Reproduce the top of the data verbatim, through and including the line that contains "PINSPARK Womens Sleeveless".

------------------------------

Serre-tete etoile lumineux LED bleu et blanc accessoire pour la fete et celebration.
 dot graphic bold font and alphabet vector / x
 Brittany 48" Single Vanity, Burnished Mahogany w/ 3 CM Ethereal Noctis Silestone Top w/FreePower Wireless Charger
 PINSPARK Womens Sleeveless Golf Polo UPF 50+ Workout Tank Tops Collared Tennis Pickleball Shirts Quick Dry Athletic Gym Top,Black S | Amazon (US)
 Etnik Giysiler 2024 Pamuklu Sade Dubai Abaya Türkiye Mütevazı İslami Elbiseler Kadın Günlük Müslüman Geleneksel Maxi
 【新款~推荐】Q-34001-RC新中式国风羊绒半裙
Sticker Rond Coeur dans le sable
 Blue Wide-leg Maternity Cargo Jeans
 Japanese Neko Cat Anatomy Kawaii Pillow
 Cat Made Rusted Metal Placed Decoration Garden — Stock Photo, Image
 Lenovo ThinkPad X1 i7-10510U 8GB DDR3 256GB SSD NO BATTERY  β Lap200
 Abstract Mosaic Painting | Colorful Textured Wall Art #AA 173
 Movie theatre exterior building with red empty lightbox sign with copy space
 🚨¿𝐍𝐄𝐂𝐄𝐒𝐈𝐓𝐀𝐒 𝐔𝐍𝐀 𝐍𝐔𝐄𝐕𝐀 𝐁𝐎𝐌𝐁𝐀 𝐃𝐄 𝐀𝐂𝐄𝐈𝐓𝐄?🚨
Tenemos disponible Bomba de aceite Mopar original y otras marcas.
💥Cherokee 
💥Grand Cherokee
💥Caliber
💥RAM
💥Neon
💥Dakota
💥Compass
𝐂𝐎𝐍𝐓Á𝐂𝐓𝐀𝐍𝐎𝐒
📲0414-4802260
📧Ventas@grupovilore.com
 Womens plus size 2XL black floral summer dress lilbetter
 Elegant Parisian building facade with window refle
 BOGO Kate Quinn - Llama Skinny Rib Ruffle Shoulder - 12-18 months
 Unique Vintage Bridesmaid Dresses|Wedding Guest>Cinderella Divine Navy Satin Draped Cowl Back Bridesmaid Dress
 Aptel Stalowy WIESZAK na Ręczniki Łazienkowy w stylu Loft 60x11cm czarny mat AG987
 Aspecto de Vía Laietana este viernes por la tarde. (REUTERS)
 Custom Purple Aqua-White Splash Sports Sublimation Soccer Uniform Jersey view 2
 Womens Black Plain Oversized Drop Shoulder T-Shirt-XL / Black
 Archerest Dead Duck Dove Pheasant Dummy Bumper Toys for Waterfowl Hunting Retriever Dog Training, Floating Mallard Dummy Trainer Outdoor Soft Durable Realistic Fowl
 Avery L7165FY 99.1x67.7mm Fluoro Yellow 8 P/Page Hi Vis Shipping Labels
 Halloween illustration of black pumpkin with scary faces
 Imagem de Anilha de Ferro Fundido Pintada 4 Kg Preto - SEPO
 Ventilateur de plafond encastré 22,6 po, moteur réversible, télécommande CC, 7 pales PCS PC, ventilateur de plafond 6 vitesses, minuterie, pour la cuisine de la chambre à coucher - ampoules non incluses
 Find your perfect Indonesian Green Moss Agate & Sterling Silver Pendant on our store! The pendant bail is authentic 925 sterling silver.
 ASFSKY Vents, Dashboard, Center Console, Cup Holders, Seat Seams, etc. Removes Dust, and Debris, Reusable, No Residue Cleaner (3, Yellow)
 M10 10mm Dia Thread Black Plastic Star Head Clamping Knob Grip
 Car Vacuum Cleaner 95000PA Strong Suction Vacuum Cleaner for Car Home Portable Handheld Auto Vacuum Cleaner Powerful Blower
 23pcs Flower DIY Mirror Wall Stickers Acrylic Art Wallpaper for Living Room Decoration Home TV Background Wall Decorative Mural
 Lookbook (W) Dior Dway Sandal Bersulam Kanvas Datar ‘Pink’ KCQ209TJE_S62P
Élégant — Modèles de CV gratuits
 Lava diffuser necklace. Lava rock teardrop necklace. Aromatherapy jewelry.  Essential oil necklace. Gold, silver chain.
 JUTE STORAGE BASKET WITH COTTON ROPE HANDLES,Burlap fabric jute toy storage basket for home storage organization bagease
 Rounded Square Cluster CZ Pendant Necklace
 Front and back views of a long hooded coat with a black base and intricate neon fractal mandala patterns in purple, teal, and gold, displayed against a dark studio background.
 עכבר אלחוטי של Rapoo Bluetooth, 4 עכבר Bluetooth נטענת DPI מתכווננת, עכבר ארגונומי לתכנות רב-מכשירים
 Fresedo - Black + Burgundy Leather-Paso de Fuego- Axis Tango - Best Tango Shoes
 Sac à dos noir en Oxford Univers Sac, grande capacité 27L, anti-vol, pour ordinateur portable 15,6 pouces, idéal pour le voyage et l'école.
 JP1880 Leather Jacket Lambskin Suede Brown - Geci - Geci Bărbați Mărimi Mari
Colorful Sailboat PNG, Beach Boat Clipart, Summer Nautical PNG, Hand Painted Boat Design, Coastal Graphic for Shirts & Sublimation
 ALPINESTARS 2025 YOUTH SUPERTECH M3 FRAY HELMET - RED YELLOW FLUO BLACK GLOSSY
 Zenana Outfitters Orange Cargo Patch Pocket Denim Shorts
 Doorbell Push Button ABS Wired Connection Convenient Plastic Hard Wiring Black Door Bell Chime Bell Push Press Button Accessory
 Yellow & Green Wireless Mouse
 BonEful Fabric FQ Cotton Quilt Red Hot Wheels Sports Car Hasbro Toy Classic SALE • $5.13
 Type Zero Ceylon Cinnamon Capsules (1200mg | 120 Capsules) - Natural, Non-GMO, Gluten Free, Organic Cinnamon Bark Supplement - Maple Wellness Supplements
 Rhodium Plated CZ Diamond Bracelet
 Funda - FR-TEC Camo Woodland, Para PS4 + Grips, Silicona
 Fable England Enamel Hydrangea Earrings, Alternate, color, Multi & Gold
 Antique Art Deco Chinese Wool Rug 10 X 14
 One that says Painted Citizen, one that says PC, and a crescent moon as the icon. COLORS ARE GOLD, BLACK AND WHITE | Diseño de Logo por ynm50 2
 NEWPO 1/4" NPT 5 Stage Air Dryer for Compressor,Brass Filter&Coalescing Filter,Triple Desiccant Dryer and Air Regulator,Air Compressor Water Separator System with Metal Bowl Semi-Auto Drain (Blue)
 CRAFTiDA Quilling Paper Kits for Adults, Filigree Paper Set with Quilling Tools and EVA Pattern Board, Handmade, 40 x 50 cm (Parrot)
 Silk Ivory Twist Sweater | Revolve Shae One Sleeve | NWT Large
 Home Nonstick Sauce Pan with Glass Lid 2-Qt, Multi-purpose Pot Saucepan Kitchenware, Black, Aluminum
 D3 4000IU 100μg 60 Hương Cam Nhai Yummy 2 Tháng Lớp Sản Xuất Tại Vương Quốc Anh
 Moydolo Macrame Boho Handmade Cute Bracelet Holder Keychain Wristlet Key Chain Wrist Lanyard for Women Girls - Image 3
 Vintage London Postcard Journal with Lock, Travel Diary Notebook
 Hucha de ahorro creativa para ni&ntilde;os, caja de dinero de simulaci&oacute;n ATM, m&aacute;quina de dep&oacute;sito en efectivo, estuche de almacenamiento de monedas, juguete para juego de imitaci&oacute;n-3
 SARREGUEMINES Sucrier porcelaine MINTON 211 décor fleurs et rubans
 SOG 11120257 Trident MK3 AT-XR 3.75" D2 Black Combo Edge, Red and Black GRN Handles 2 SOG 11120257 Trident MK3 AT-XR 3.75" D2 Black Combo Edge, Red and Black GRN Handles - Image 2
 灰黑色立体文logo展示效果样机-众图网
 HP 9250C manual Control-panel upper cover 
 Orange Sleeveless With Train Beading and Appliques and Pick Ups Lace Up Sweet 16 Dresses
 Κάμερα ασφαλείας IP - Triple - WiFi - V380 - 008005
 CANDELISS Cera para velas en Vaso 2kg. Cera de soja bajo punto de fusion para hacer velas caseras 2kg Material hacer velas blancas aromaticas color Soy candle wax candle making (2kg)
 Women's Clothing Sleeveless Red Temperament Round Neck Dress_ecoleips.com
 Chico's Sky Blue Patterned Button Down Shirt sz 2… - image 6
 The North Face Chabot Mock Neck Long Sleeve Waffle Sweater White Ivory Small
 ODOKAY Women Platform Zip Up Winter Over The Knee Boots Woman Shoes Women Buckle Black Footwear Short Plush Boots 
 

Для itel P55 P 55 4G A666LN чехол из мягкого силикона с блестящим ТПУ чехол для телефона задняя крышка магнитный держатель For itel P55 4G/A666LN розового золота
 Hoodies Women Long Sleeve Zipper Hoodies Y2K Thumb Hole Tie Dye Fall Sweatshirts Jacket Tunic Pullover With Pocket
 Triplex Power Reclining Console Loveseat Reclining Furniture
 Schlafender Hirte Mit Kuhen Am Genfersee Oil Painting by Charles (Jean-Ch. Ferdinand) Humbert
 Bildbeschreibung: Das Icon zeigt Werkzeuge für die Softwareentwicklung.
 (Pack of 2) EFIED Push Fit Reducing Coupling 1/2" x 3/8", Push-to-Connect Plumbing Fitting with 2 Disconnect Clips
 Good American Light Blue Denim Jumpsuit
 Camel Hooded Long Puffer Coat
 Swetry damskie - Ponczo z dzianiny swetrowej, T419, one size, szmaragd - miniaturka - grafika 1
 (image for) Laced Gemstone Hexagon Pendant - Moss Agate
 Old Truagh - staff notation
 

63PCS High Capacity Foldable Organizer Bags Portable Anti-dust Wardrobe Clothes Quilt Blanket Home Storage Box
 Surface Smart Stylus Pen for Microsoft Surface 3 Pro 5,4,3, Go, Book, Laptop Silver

------------------------------

Answer for this exercise ▸
Serre-tete etoile lumineux LED bleu et blanc accessoire pour la fete et celebration.
 dot graphic bold font and alphabet vector / x
 Brittany 48" Single Vanity, Burnished Mahogany w/ 3 CM Ethereal Noctis Silestone Top w/FreePower Wireless Charger
 PINSPARK Womens Sleeveless Golf Polo UPF 50+ Workout Tank Tops Collared Tennis Pickleball Shirts Quick Dry Athletic Gym Top,Black S | Amazon (US)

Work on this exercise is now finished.